В поисках поддержки осторожно кошусь на Шершнева.

«Разве я преувеличиваю?»

Молчаливый вопрос тонет во внимательном взгляде, что сканирует Виталия Петровича. Шершнев напряжен до предела. Все вижу по заострившимся чертам и тому, как трепещут его ноздри.

— Моя жена задала вопрос, — яростно цедит, а меня прошибает холодом с головы до пят.

Виталий Петрович откидывается на спинку кресла, затем двигает к нам несколько снимков УЗИ.

— Смотрите сюда.

— Чего я там не видела, — недовольно бурчу. — Вы ответите или нет?

— Лена, — звенит голос Шершнева на весь кабинет.

Посмотрите, какой папаша.

— Сначала на порог не пускал, теперь такой грозный, — рявкаю я и прижимаю ладонь к напряженному животу.

— А что так тихо? — огрызается Шершнев, поднявшись с места. — Всему городу расскажи о наших проблемах!

Истерично смеюсь.

— Боюсь, что устану, пока дойду до конца списка.

— Успокойтесь, дорогие родители, — Виталий Петрович поднимает ладони верх, чем привлекает наше внимание.

Посылаем друг другу гневные взгляды. От чувства глубокой несправедливости зудят пальцы. Растираю ладони, пока кожа не начинает ощутимо гореть. Отвлекаю себя, чтобы не впиться ногтями ему в рожу.

— Вот, — вздыхает Виталий Петрович и тычет карандашом в снимок. — Смотрите сюда.

С некоторой обреченностью поднимаюсь и подхожу к столу, чтобы взглянуть на малыша. На Шершнева, остановившегося рядом, не смотрю. Козел. Даже в кабинете у врача устраивает показательные разборки.

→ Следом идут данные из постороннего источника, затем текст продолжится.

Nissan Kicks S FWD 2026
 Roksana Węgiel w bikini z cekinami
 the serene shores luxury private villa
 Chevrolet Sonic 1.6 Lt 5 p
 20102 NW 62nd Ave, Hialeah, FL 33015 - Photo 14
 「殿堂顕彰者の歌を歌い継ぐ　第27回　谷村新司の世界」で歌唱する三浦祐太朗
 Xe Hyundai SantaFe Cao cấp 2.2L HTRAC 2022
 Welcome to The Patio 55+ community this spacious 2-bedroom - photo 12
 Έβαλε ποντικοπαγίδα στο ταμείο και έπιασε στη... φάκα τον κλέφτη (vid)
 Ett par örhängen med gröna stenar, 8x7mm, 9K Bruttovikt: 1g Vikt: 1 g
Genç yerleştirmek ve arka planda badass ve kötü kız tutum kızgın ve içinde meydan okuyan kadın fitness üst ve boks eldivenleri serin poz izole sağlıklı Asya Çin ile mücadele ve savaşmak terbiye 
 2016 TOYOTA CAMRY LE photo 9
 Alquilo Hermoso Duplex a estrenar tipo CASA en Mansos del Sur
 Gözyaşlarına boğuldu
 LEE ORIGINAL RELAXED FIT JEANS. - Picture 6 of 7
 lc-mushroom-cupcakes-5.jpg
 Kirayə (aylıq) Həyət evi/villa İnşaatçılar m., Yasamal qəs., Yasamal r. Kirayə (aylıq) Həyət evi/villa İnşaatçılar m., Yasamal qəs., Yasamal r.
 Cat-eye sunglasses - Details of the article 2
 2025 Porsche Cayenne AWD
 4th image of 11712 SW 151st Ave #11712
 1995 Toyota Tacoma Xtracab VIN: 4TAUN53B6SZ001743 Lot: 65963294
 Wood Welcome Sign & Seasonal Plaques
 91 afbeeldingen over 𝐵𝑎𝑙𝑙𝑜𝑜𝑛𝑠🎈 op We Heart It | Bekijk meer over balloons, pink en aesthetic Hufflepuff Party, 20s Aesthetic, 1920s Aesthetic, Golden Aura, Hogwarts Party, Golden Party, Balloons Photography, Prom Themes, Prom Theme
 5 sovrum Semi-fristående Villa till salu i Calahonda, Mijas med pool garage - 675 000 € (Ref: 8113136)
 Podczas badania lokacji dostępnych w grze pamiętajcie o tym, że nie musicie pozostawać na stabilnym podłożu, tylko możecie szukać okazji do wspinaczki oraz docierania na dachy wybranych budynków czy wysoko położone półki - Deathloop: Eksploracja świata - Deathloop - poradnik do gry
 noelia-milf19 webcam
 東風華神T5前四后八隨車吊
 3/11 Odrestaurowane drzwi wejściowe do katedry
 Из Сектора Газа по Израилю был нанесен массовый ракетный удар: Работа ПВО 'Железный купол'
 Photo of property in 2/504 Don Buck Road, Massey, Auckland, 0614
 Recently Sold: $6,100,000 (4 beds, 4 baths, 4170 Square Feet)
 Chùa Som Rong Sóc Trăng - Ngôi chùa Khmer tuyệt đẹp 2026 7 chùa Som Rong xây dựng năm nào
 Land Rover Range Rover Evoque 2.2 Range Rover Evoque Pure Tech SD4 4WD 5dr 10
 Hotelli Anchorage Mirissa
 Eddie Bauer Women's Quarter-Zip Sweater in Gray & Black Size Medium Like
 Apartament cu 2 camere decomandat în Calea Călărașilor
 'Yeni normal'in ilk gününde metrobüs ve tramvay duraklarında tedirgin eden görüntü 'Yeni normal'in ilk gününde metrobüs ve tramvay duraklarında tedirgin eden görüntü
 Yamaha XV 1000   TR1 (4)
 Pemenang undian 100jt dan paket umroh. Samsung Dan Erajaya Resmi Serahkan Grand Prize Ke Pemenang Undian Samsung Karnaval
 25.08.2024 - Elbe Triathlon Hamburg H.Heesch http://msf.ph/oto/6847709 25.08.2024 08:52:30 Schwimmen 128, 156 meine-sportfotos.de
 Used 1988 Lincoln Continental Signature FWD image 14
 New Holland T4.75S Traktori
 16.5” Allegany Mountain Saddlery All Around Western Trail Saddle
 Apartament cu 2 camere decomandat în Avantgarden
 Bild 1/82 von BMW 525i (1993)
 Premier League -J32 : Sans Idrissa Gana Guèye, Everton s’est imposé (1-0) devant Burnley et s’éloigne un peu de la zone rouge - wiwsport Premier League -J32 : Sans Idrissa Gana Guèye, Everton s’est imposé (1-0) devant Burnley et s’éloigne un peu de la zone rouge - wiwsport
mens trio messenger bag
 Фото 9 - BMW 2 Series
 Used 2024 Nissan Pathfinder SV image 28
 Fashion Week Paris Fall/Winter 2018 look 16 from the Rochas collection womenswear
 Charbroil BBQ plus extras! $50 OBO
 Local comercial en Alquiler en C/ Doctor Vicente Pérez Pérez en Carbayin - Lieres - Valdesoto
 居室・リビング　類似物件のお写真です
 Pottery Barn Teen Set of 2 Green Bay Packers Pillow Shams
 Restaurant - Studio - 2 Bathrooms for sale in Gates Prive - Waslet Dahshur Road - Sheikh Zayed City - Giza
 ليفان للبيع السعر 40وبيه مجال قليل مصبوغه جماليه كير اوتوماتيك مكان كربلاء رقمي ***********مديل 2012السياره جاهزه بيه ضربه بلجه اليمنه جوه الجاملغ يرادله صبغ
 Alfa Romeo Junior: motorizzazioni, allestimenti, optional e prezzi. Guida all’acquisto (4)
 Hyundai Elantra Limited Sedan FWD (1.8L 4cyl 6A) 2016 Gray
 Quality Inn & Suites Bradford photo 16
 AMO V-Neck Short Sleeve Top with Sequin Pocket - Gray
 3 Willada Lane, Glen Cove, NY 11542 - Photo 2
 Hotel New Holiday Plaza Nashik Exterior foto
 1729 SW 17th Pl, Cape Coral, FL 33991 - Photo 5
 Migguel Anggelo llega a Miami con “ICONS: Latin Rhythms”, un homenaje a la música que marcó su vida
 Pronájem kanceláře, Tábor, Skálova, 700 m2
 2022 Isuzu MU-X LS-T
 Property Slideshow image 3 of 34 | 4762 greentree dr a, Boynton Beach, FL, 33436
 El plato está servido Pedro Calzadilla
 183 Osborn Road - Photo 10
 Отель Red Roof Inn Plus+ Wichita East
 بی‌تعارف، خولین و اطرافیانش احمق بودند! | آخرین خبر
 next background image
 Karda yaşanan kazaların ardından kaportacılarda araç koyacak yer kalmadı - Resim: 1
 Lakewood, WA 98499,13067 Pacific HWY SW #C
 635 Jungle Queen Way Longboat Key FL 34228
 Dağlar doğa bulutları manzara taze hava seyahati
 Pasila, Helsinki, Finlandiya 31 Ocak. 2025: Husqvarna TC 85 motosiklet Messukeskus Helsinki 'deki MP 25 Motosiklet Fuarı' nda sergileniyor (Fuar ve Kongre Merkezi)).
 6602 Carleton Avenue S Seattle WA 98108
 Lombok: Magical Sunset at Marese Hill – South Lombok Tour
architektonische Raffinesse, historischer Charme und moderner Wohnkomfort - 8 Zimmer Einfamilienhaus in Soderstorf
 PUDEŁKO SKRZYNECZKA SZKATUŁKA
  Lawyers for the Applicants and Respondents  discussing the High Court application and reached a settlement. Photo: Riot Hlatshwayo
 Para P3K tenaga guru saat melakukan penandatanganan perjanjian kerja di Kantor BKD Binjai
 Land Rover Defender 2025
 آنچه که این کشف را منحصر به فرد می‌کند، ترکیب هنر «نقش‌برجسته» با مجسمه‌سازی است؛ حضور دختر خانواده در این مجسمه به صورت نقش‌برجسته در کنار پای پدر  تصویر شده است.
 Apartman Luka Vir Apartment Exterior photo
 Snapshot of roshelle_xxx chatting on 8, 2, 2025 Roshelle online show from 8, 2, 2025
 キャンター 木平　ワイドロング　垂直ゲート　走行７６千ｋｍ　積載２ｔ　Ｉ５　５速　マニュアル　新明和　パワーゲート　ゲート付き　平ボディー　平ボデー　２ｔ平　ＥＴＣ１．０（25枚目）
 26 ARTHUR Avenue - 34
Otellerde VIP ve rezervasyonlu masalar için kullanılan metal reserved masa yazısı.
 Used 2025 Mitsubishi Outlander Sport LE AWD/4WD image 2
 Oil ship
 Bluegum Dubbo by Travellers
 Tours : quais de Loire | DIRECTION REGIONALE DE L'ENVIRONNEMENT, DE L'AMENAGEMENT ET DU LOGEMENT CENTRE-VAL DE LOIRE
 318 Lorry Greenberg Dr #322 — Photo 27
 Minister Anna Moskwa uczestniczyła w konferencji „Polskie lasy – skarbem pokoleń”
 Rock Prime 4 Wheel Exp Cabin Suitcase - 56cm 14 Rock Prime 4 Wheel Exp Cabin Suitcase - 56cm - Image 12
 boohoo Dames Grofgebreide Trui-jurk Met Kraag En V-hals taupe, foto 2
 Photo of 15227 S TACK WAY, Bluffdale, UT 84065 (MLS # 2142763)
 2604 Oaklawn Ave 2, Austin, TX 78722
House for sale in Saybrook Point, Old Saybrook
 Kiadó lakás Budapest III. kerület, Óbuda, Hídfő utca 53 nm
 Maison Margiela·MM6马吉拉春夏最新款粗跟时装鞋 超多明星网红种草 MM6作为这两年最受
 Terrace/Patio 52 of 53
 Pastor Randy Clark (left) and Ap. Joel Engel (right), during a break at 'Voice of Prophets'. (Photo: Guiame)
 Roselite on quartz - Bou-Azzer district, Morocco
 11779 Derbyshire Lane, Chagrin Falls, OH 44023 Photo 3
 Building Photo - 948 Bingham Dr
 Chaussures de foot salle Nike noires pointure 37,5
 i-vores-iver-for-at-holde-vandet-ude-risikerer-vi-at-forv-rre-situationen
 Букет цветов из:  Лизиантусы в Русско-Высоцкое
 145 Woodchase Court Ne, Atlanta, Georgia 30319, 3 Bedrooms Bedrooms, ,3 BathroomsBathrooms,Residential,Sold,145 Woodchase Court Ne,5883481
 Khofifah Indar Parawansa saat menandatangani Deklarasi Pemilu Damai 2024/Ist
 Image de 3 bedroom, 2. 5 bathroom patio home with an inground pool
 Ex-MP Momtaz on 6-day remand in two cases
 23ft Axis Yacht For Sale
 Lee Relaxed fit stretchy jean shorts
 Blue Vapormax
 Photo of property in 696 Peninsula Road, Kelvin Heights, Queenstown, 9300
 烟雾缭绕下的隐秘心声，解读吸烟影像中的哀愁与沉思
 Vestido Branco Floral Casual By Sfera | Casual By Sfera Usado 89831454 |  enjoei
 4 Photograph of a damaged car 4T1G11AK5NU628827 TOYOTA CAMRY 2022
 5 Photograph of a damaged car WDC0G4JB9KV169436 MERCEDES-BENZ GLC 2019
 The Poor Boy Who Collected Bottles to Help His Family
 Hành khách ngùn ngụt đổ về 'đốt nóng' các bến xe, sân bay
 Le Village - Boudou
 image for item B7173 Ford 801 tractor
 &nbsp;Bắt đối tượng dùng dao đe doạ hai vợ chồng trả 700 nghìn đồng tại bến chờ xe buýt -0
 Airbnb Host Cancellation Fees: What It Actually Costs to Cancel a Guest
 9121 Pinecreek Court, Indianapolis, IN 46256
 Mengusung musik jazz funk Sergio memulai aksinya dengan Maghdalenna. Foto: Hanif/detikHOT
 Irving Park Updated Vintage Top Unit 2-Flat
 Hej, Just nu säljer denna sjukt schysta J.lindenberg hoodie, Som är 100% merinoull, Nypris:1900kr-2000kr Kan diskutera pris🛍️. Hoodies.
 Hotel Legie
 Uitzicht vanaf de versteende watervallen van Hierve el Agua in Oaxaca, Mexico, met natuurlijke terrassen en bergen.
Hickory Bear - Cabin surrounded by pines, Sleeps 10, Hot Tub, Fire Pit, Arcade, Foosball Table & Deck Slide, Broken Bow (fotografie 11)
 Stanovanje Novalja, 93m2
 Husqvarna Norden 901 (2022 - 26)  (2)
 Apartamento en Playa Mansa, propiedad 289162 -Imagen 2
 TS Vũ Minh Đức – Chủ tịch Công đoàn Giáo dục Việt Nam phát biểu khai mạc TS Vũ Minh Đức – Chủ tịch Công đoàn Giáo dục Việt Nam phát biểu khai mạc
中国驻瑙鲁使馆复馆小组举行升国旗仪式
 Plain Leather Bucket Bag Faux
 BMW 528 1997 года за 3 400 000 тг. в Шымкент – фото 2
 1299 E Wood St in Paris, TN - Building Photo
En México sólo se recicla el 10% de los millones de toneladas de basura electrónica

— У вас небольшая аномалия в месте прикрепления плодного яйца, — Виталий Петрович обводит темное пятно. — Из-за этого при стандартной процедуре УЗИ ребенок кажется меньше. Но я посмотрел повнимательнее и сделал снимок с другого ракурса.

Грифельный кончик передвигается дальше. Недоуменно хлопаю ресницами, а Шершнев что-то старательно разглядывает. Переведя взор с меня на Шершнева, Виталий Петрович отодвигает все документы.

— Нет у вас задержек в развитии плода. Только угроза гипоксии из-за анемии, — отсек он и развернулся к экрану монитора. — В крайнем случае сделаем переливание.

Вздох облегчения вырывается из груди, пока я с удивлением рассматриваю Виталия Петровича. Неужели повезло? Прихожу в себя.

— С малышом все в порядке?

— Переливание? — Шершнев хмурится.

Виталий Петрович обреченно стягивает очки и кладет их на стол. Чувствую себя двоечницей, которую строгий учитель пристыдил за смех на последней парте. Мнусь, вновь и вновь оглядываюсь на дверь.

— Меня больше беспокоит ваш гипертонус, — проигнорировав наши вопросы, он зажимает дужку очков. — Вижу, что вам назначен курс необходимых препаратов, включая успокоительные. Только не понимаю, почему они не работают. Рекомендую посетить психотерапевта, и лечь в стационар.

— В стационаре я точно перенервничаю, — поджав губы. — У меня папа серьезно болен. Если попаду в больницу, а родители узнают о моем состоянии, то мне никто не скажет…

Слова путаются, вязнут в потоке мыслей и скопившейся во рту слюне. Всхлипнув, прижимаю ладонь ко рту, затем запрокидываю голову. Главное — не разреветься здесь.

— Согласен, — задумчивый голос Шершнева пробирается шторм неукротимых мыслей и эмоций. — Устройте Лене условия стационара дома.

— Нет, Олег Константинович, вы меня не услышали, — настойчивость в голосе Виталия Петровича намекает на бессмысленность спора.

Обреченно склоняю голову.

— Нет, — испуганно оборачиваюсь на Шершнева.

Он спокоен как удав, расслаблен и уверен в себе. Не терпит отказа. Вновь смотрю на врача, но с некоторой гордостью за моего мужчину.

— Это вы меня не услышали, Виталий Петрович. Я жду варианты, а не оправдания.